Today, there is little doubt about the status of Inuit Cinema as a cultural force in Canada’s media landscape. If the 2001 release of Anatarjuat represented the advent of this art form, today, we are witnessing its blossoming. There has been a proliferation of filmmakers across Inuit nunangat, of film-funding opportunities, and a network of southern distribution. However, for all that Inuit Cinema has become in recent years, writing about that Cinema has had a difficult time keeping apace. In the academy, writing about Inuit Cinema is often the domain of ethnographically minded researchers. In the popular press, writing is the domain of critics removed from Inuit culture and communities, and through the lens of southern models of reception. And while both groups help to promote what has become a widely celebrated form of cultural expression, neither has successfully found a place for Inuit to express our own judgments on our Cinema.

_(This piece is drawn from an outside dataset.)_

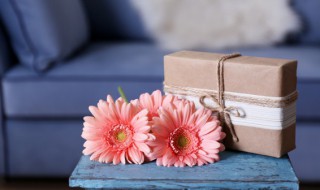 纪念日买什么礼物 纪念日送什么礼物合适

This discussion will highlight Inuit perspectives on Inuit Cinema, for Inuit filmmakers and Inuit film funders to consider ways in which we can create more and stronger writing about this art form together.
• What role does history serve in writing on Inuit Cinema?
• What must southern critics be aware of when writing about Inuit Cinema?
• What is the role of ethnographic writing about Inuit Cinema today?
• What do Inuit filmmakers feel is missing from writing about their film?
• How do we provide more opportunities for Inuit to write about their cinema?